Records provided —
........

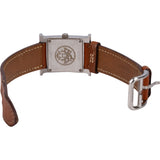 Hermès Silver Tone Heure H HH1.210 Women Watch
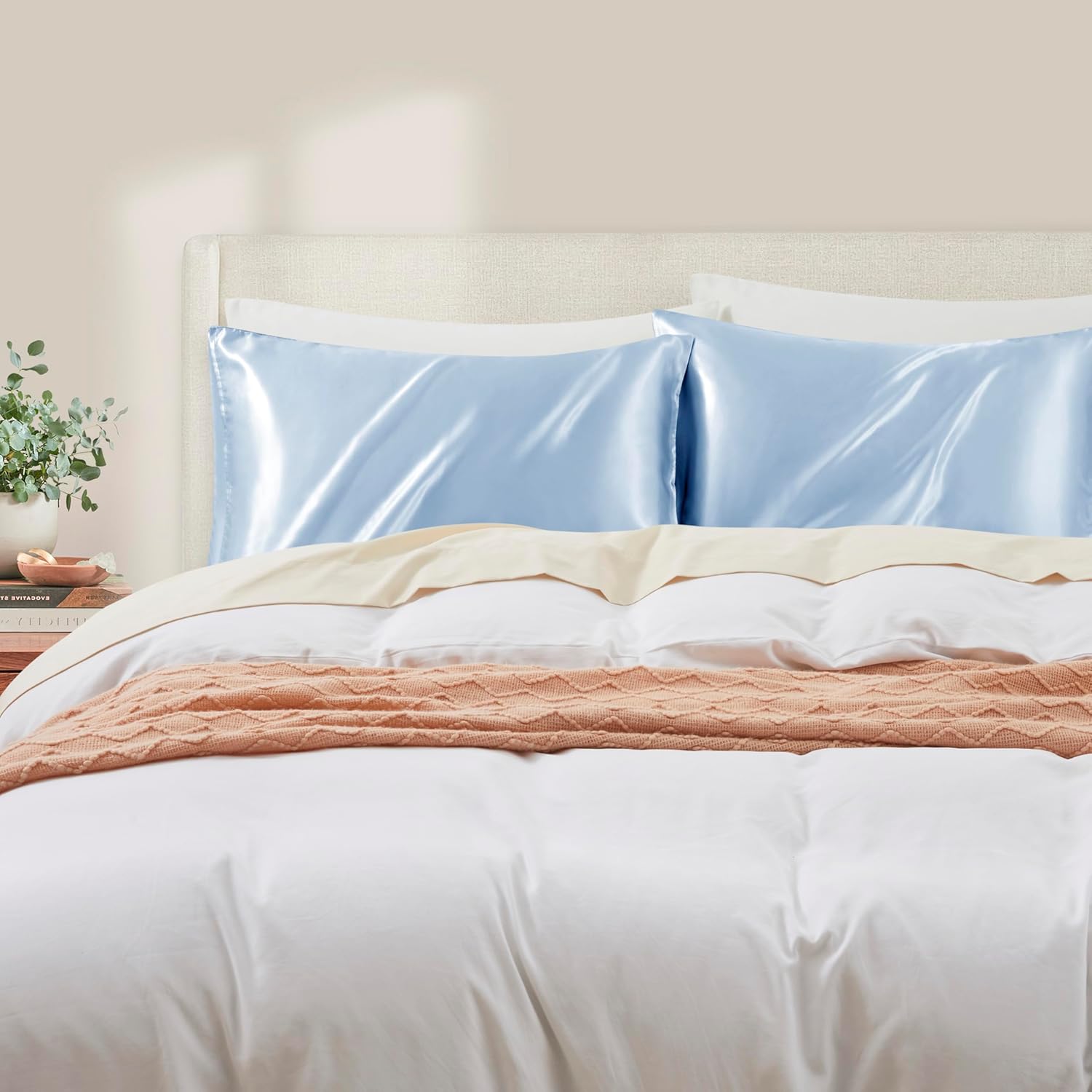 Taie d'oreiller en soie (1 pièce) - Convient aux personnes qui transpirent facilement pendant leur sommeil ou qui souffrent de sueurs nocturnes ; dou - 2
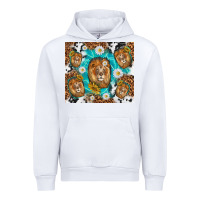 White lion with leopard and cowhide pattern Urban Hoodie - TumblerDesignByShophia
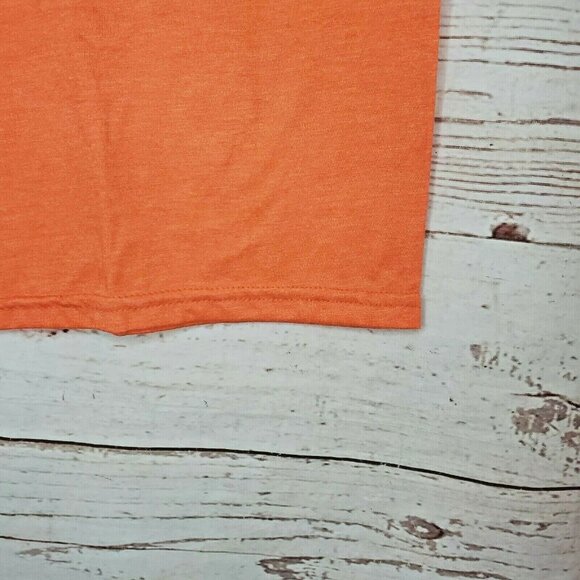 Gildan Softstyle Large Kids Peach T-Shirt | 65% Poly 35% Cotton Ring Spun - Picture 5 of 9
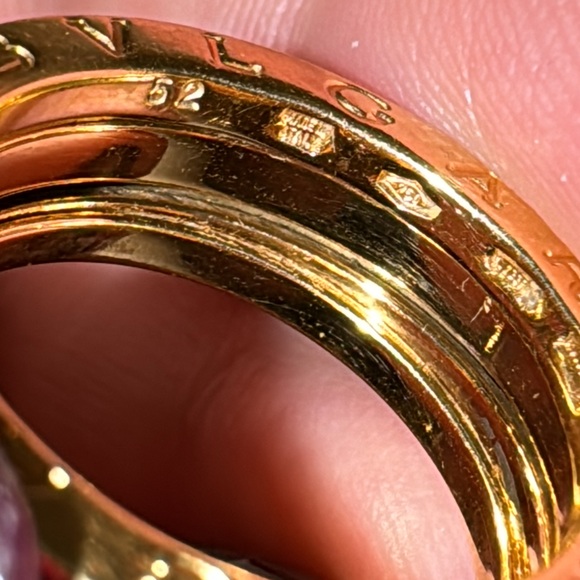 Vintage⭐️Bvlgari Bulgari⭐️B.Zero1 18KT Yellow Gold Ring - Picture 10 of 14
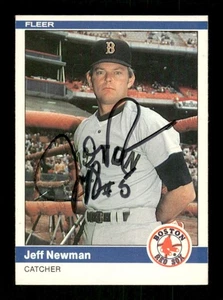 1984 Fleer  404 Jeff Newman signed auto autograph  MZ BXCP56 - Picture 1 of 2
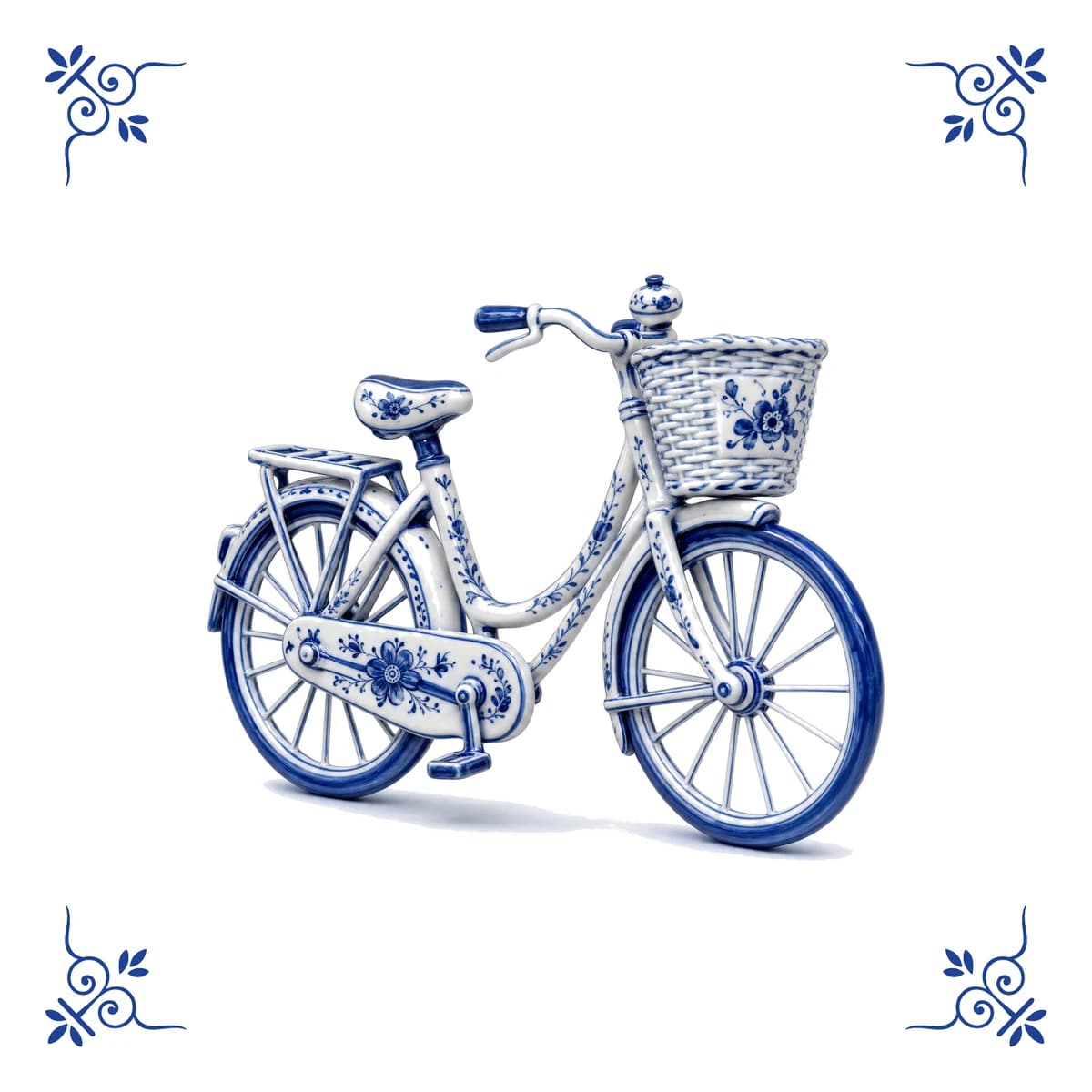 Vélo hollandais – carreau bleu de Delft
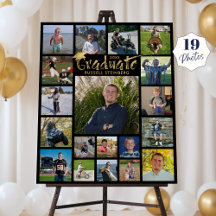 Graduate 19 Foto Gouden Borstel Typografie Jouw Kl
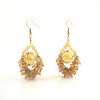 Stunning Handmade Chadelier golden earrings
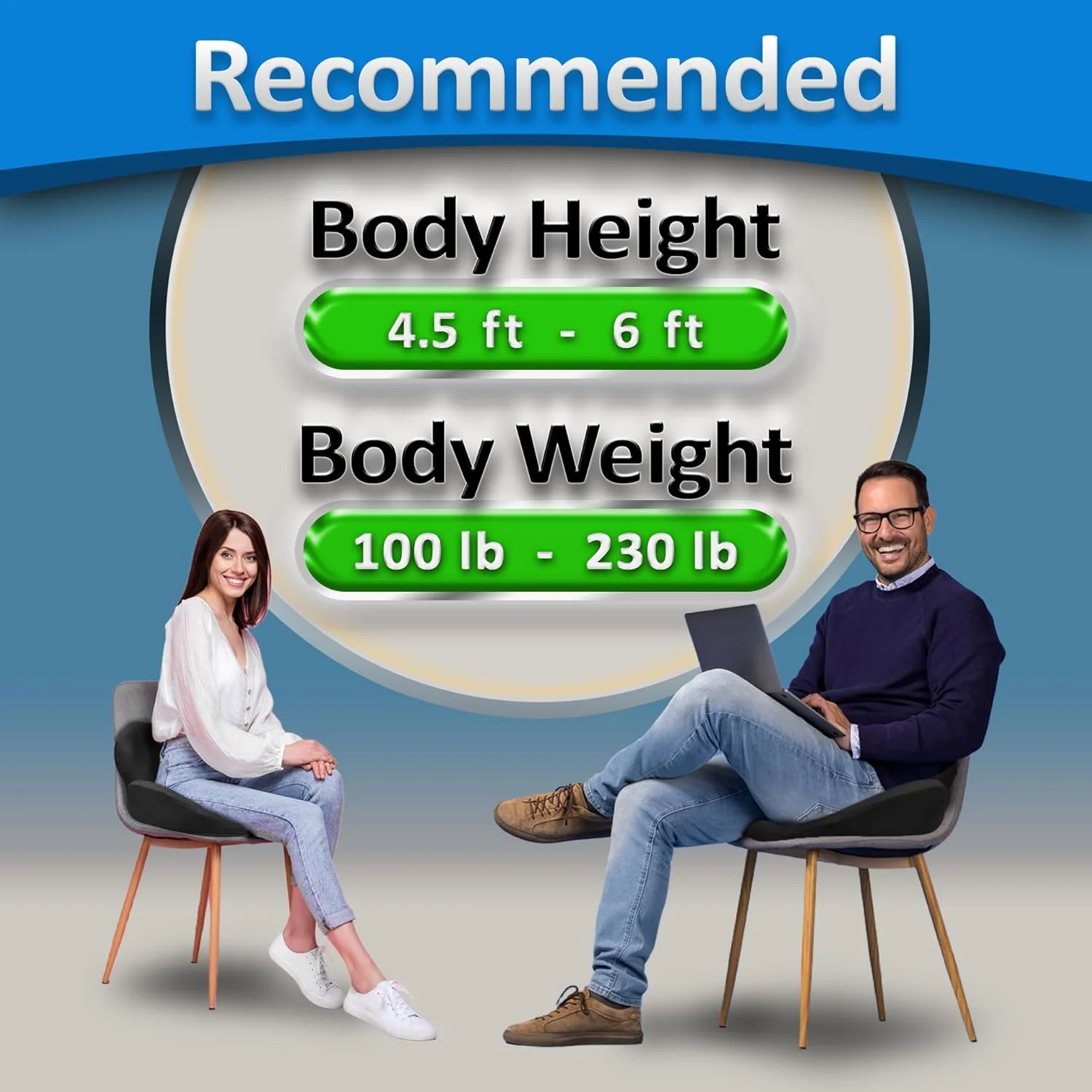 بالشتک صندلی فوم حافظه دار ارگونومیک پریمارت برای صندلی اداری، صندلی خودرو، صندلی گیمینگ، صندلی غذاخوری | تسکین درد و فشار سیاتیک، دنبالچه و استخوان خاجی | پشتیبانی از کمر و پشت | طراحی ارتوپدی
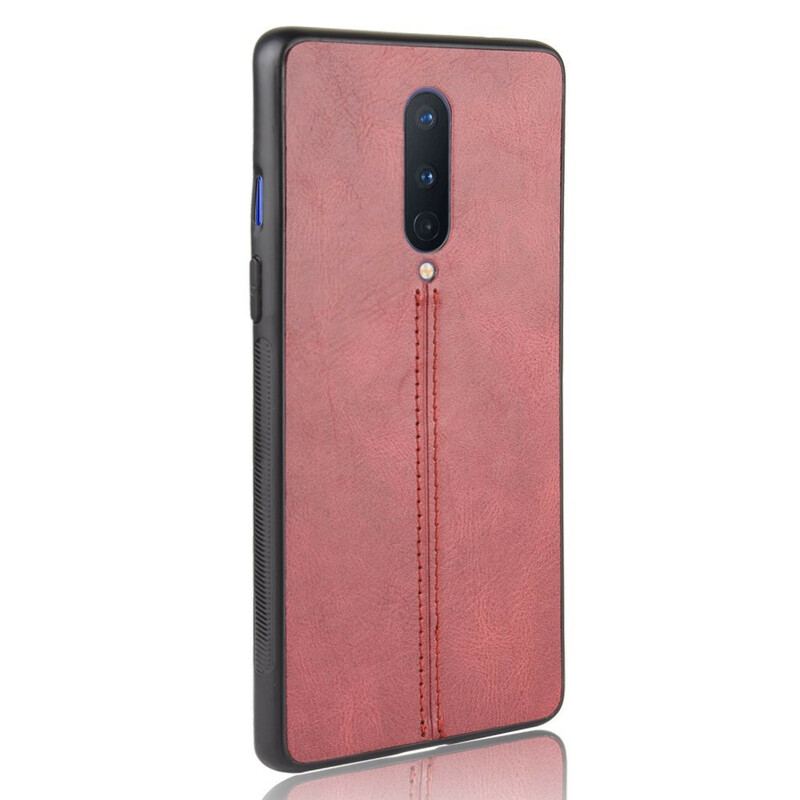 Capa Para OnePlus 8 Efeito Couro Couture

........

Give back the listing unchanged. Strip out the pictures.

 Hermès Silver Tone Heure H HH1.210 Women Watch
 Taie d'oreiller en soie (1 pièce) - Convient aux personnes qui transpirent facilement pendant leur sommeil ou qui souffrent de sueurs nocturnes ; dou - 2
 White lion with leopard and cowhide pattern Urban Hoodie - TumblerDesignByShophia
 Gildan Softstyle Large Kids Peach T-Shirt | 65% Poly 35% Cotton Ring Spun - Picture 5 of 9
 Vintage⭐️Bvlgari Bulgari⭐️B.Zero1 18KT Yellow Gold Ring - Picture 10 of 14
 1984 Fleer  404 Jeff Newman signed auto autograph  MZ BXCP56 - Picture 1 of 2
 Vélo hollandais – carreau bleu de Delft
 Graduate 19 Foto Gouden Borstel Typografie Jouw Kl
 Stunning Handmade Chadelier golden earrings
 بالشتک صندلی فوم حافظه دار ارگونومیک پریمارت برای صندلی اداری، صندلی خودرو، صندلی گیمینگ، صندلی غذاخوری | تسکین درد و فشار سیاتیک، دنبالچه و استخوان خاجی | پشتیبانی از کمر و پشت | طراحی ارتوپدی
 Capa Para OnePlus 8 Efeito Couro Couture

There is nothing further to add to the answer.